R = E.point( ( 9007518108646169717637829256143902727256908604612852170262845383236308734546752870948023665818612994373405439104311563180515971827416888758364379345147971116263603311381076594736408857657724917306603115510356333363208849059629*j + 8143875544876203102731118758998042519548033956324586056599014675159430178641351639084698635604334996400279245810044652728374901773305503117205094200107841651156165349992200320758569566012680521517849444975619314122642286738078, 5933067621852699133314119054291511797259450704514751366342623924502189539964363940282453138760679452407770908256363554867263728524097776132882938143129922521585626385240622607283870971683009886348379499590584807528366215593257*j + 3243060684426863808401390460086135176972427334603406644358264254553792355536601776050361287848102972929373427788393162068323805718475829130551068182582167101080584984966674872491237953303465307684436948645319932524248022850554 ) )

phiP = E.point( ( 5784307033157574162391672474522522983832304511218905707704962058799572462719474192769980361922537187309960524475241186527300549088533941865412874661143122262830946833377212881592965099601886901183961091839303261748866970694633, 5528941793184617364511452300962695084942165460078897881580666552736555418273496645894674314774001072353816966764689493098122556662755842001969781687909521301233517912821073526079191975713749455487083964491867894271185073160661 ) )
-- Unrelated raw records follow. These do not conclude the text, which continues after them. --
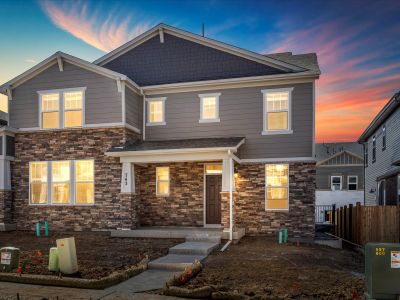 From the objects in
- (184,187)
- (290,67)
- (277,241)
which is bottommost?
(277,241)

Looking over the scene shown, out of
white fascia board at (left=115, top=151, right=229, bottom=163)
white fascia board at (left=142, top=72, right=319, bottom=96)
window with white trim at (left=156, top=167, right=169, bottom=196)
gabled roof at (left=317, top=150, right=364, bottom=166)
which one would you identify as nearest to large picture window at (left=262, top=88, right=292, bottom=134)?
white fascia board at (left=142, top=72, right=319, bottom=96)

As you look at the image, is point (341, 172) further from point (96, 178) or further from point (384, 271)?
point (384, 271)

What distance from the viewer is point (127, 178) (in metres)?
14.8

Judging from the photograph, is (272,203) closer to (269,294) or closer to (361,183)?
(269,294)

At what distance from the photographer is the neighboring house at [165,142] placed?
14.7 meters

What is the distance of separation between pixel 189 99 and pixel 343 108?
12569 mm

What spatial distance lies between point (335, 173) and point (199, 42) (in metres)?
23.6

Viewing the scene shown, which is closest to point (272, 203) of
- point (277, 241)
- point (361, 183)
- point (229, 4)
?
point (277, 241)

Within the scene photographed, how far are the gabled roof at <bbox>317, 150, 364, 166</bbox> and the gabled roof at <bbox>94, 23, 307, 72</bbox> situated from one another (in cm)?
2186

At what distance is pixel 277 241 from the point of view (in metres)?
13.7

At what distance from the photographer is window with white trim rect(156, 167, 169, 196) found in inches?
628

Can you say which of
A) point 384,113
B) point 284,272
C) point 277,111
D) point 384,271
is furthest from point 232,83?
point 384,271

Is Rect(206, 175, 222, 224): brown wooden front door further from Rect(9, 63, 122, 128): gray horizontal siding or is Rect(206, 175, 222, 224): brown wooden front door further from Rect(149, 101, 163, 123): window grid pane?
Rect(9, 63, 122, 128): gray horizontal siding

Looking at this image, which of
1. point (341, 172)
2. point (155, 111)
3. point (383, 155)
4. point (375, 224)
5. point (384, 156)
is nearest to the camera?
point (375, 224) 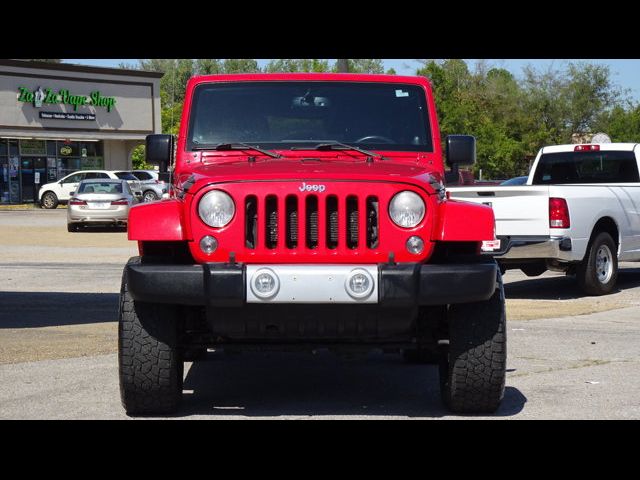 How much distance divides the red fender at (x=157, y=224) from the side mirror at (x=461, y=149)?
2394 mm

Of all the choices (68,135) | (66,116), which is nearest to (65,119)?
(66,116)

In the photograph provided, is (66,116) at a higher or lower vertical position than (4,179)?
higher

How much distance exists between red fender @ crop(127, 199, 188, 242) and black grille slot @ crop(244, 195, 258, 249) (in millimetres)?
343

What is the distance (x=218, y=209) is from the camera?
243 inches

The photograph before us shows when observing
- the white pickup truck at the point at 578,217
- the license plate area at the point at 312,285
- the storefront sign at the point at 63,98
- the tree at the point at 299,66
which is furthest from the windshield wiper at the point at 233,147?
the tree at the point at 299,66

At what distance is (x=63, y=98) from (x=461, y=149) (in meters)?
44.0

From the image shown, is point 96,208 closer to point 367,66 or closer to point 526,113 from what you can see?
point 526,113

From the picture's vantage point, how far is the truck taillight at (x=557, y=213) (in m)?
12.9

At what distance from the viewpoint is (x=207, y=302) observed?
5922 millimetres

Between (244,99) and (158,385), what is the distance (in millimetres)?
2285

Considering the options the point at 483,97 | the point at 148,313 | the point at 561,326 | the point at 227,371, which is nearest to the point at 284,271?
the point at 148,313

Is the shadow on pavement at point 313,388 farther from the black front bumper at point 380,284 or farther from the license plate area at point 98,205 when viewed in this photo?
the license plate area at point 98,205

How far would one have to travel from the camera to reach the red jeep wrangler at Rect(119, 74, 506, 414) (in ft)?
19.4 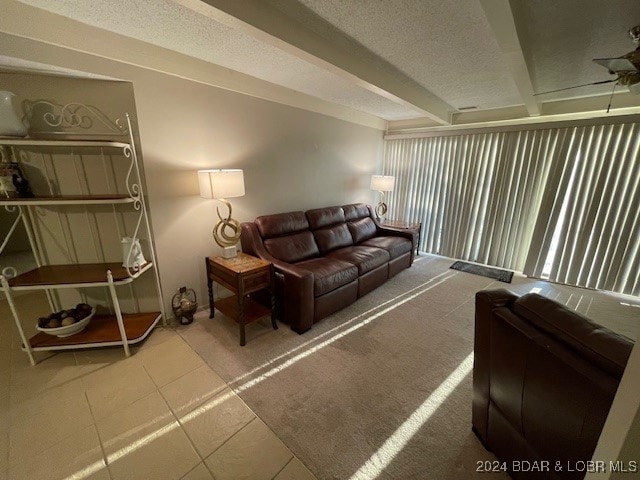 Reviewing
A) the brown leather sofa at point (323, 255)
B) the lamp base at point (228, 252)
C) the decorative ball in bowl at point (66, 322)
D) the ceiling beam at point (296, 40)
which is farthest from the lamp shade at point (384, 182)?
the decorative ball in bowl at point (66, 322)

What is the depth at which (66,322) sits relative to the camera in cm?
197

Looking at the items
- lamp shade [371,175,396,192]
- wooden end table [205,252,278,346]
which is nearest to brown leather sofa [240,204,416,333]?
wooden end table [205,252,278,346]

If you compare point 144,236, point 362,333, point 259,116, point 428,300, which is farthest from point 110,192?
point 428,300

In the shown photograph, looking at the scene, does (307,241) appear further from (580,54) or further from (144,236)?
(580,54)

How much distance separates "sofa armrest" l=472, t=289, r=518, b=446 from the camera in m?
1.21

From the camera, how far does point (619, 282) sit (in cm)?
307

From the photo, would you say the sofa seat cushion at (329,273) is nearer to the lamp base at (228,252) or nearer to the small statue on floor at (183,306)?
the lamp base at (228,252)

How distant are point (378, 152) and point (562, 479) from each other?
15.3 feet

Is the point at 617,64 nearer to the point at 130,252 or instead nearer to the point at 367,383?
the point at 367,383

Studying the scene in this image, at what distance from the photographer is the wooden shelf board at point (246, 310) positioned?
229 cm

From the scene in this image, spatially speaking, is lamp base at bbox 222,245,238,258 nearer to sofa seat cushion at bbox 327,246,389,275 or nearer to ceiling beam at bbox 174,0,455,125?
sofa seat cushion at bbox 327,246,389,275

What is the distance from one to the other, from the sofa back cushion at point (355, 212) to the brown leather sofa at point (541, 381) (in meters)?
2.73

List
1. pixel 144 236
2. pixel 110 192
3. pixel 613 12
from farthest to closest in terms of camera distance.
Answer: pixel 144 236, pixel 110 192, pixel 613 12

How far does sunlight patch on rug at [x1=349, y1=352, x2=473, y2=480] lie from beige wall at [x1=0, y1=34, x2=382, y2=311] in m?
2.18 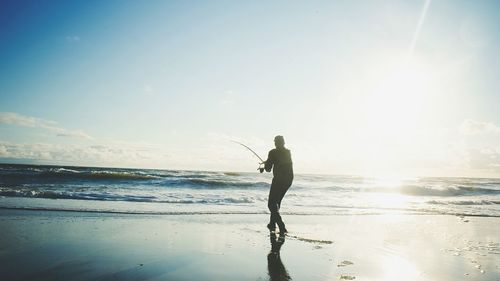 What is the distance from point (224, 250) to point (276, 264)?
3.60 ft

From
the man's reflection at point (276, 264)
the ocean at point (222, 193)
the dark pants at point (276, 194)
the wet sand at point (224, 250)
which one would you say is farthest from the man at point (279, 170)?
the ocean at point (222, 193)

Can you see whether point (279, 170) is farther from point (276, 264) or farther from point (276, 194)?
point (276, 264)

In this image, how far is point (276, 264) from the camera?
15.9ft

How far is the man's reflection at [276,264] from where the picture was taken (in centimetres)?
421

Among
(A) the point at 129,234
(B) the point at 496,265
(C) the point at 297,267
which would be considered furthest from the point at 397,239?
(A) the point at 129,234

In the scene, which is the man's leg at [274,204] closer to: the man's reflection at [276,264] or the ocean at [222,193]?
the man's reflection at [276,264]

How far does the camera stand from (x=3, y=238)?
5.87 m

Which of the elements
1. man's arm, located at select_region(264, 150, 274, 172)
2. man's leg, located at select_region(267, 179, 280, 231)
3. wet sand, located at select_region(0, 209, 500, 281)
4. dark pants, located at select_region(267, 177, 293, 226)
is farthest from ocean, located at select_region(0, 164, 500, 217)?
wet sand, located at select_region(0, 209, 500, 281)

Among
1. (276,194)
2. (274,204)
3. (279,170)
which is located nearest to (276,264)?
(274,204)

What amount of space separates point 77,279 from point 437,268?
4639 mm

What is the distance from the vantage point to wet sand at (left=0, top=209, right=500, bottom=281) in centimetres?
431

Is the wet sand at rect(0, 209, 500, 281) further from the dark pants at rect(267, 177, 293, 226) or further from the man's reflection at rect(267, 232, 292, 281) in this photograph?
the dark pants at rect(267, 177, 293, 226)

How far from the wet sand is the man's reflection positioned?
1cm

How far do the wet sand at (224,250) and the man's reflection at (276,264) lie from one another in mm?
15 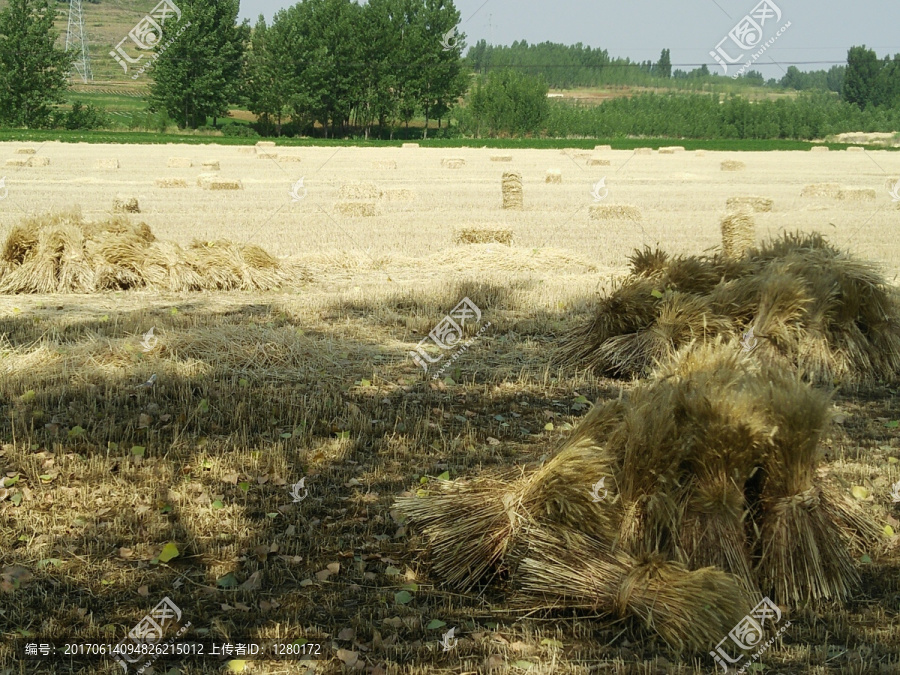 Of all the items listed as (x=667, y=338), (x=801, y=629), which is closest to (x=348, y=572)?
(x=801, y=629)

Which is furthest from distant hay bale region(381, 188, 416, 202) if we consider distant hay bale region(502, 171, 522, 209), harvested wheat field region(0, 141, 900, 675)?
harvested wheat field region(0, 141, 900, 675)

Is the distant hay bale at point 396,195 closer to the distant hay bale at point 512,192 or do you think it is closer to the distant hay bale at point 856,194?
the distant hay bale at point 512,192

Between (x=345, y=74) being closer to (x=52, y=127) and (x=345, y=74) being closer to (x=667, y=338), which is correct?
(x=52, y=127)

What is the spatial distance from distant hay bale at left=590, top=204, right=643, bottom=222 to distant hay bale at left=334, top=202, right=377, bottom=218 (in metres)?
5.19

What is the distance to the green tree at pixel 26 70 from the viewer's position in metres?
72.4

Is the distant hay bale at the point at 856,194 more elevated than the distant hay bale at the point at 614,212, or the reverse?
the distant hay bale at the point at 856,194

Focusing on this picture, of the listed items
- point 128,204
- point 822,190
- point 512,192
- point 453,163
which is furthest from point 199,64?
point 822,190

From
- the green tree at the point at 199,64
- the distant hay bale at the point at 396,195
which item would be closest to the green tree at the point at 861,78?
the green tree at the point at 199,64

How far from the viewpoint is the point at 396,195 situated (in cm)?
2688

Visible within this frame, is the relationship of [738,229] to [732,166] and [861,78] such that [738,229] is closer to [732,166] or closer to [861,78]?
[732,166]

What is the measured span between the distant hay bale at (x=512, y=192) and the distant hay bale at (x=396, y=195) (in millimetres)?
3279

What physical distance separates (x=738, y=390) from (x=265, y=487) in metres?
3.06

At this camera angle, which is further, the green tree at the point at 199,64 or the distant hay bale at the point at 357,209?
the green tree at the point at 199,64

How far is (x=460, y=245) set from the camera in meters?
16.9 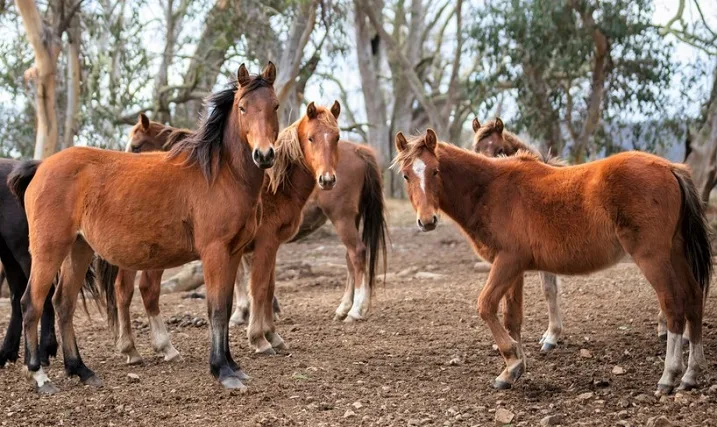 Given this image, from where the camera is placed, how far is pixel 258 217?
6.92 m

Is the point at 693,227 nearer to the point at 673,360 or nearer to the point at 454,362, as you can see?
the point at 673,360

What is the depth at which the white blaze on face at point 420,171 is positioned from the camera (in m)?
6.24

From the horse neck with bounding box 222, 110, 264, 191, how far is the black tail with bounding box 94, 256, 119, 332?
6.85 ft

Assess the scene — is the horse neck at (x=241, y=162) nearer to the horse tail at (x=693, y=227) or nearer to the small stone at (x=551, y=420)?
the small stone at (x=551, y=420)

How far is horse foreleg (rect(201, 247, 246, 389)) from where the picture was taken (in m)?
6.24

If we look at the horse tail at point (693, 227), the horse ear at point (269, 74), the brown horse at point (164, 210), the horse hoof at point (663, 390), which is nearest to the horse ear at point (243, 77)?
the brown horse at point (164, 210)

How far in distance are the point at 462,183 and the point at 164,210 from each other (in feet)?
7.18

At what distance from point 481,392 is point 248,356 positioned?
2465mm

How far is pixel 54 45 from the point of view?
15.3 metres

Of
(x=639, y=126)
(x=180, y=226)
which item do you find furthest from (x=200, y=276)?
(x=639, y=126)

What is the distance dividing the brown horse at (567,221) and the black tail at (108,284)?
3.08 meters

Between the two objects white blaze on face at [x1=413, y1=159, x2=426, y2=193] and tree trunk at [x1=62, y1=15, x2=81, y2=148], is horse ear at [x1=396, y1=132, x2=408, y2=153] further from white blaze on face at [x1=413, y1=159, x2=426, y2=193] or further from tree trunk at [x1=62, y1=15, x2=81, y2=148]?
tree trunk at [x1=62, y1=15, x2=81, y2=148]

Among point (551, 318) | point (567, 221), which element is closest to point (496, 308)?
point (567, 221)

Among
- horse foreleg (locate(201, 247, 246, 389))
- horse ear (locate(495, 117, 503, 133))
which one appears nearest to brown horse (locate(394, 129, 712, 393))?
horse foreleg (locate(201, 247, 246, 389)) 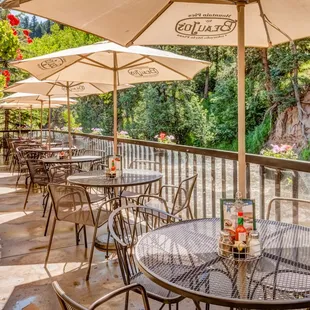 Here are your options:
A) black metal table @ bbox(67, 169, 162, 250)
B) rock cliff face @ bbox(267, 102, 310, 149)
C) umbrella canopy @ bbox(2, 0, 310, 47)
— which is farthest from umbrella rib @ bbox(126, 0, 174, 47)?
rock cliff face @ bbox(267, 102, 310, 149)

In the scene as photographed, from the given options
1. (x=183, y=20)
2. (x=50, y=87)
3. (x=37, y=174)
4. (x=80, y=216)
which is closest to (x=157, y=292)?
(x=80, y=216)

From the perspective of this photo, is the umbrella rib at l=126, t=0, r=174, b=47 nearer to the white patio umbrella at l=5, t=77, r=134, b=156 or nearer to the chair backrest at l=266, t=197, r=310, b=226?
the chair backrest at l=266, t=197, r=310, b=226

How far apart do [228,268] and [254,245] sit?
0.21 metres

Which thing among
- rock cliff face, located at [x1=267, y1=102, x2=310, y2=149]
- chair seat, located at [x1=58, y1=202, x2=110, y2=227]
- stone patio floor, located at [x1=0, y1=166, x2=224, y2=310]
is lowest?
stone patio floor, located at [x1=0, y1=166, x2=224, y2=310]

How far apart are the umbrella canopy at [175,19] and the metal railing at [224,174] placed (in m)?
1.02

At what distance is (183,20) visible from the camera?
249cm

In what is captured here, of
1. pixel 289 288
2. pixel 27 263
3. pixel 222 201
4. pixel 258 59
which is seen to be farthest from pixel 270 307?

phiQ = E.point( ( 4570410708611731090586095763344282337595085134330165462411227620255106477963004653732902534638529526314592687143599015857903362887988612527631285807628029554145760006701700452765434631350888025796273995011688240123798680882198, 5528941793184617364511452300962695084942165460078897881580666552736555418273496645894674314774001072353816966764689493098122556662755842001969781687909521301233517912821073526079191975713749455487083964491867894271185073160661*j ) )

points = [ phiP, phiQ ]

R_list = []
degrees_list = []
S = R
while S != E(0):
R_list      .append( S )
degrees_list.append( 3 )
S = 3*S
X = ( E, R_list, points, degrees_list )
XX = X

count = 0
while XX:
XX = pointIsogeny( *XX )
count += 1
# print "Step %3s :: Passing to %s" % ( count, XX )
print "Step %3s DONE" % count


In this moment, the object XX contains the image curve E239, and the image points points239 as follows:

E239, _, points239, _ = XX


It remains to print and use the two objects E239 and points239. I think, the question wanted them.